Research Project: Molecular Resources for the Improvement of Tropical Ornamental and Fruit Crops

Location: Tropical Plant Genetic Resources and Disease Research

2016 Annual Report

1a. Objectives (from AD-416):
Objective 1: Develop and assess transgenic plants to control plant growth and development, disease resistance, and shelf life. [NP 301, C1, PS 1A and NP 301, C3, PS, 3A] Sub-objective 1a: Screen and select transgenic and/or non-transgenic anthuriums for resistance/tolerance to bacterial blight. Sub-objective 1b: Develop and evaluate an improved screening method for determining resistance and tolerance to burrowing nematodes in anthurium. Sub-objective 1c: Develop and screen transgenic anthurium lines with improved gene constructs for resistance/tolerance to bacterial blight and burrowing nematodes. Sub-objective 1d: Develop management options to control flowering of pineapple under Hawaii conditions. Sub-objective 1e: Obtain PRSV-resistant Hawaiian papaya that have reduced amount of fruit blemishes through recurrent selection.

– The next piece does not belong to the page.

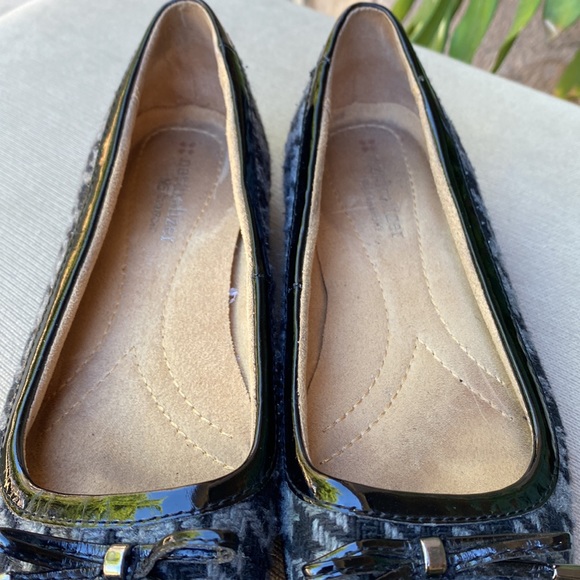 Naturalizer size 6.5 gray/black slip on shoe. - Picture 3 of 11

Objective 2: Identify genes or genetic elements useful for improving horticulturally and commercially important traits in floral crops. [NP 301, C3, PS 3A] Sub-objective 2a: Identification of pathways and molecular components for floral color improvement of anthurium. Objective 3: Improve horticultural characteristics and cultivation practices of subtropical and tropical crops. [NP 305, C1, PS 1B1] Sub-objective 3a: Develop improved practices for coffee production to mitigate the damage of coffee berry borer (CBB). Sub-objective 3b: Develop improved practices for coffee production that will serve as an industry model. Sub-objective 3c: Develop improved practices for sustainable, tropical/subtropical, diversified crop production that will serve as an industry model for zero waste.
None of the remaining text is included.